And she asked Lewis to confirm the Conservatives’ long-term plans to support disabled candidates.
She said this would “help us to identify ways in which Government can continue to work with you on this important issue”.
She later received a letter apologising for the delay in replying and insisting that she would receive a response the following week. That letter never arrived.
It now appears that Mordaunt and her successors as minister for women and equalities – Amber Rudd and Liz Truss – made no attempt to follow up on this failure to respond to these questions by their own party.
But the Conservatives were not the only party that Mordaunt wrote to and that failed to answer her questions.

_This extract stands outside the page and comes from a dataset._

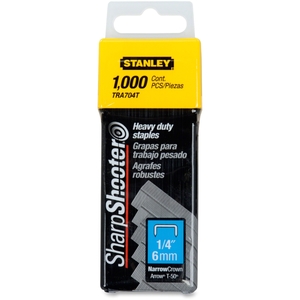 Stanley-Bostitch Office Products TRA704T HD Staples, 1/4" Stanley Staples, 1000/BX, Silver by Stanley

The Liberal Democrats and Greens joined the Tories in producing short holding responses to the letter, explaining that they would reply in detail in due course.
Neither of them ever did.
Labour said it had no record of ever receiving Mordaunt’s letter.
DNS has been able to confirm the lack of response to Mordaunt’s letter through freedom of information requests to the Government Equalities Office (GEO).
Now, more than nine months after Mordaunt’s original letter, a GEO civil servant has told DNS that the three holding responses sent by the Conservatives, Liberal Democrats and Greens were the only ones received by the GEO, now based in the Cabinet Office.
The civil servant added: “Penny Mordaunt MP’s letter was sent to the Chairs of the Labour Party, Conservative Party, Liberal Democrat Party and Green Party in April 2019.
“I have considered the points you make about whether there were any ‘further responses made’ and can confirm that no further correspondence was received by the Cabinet Office.”
DNS reported last month that GEO’s policy on supporting disabled candidates to stand for elected office was in chaos after the government suggested it could offer funding through the EnAble fund to those standing to be police and crime commissioners, but not to those who wanted to become local councillors or MPs.
GEO has been accused of breaching the Equality Act and the UN Convention on the Rights of Persons with Disabilities after refusing to ensure a level playing-field for disabled candidates in December’s general election.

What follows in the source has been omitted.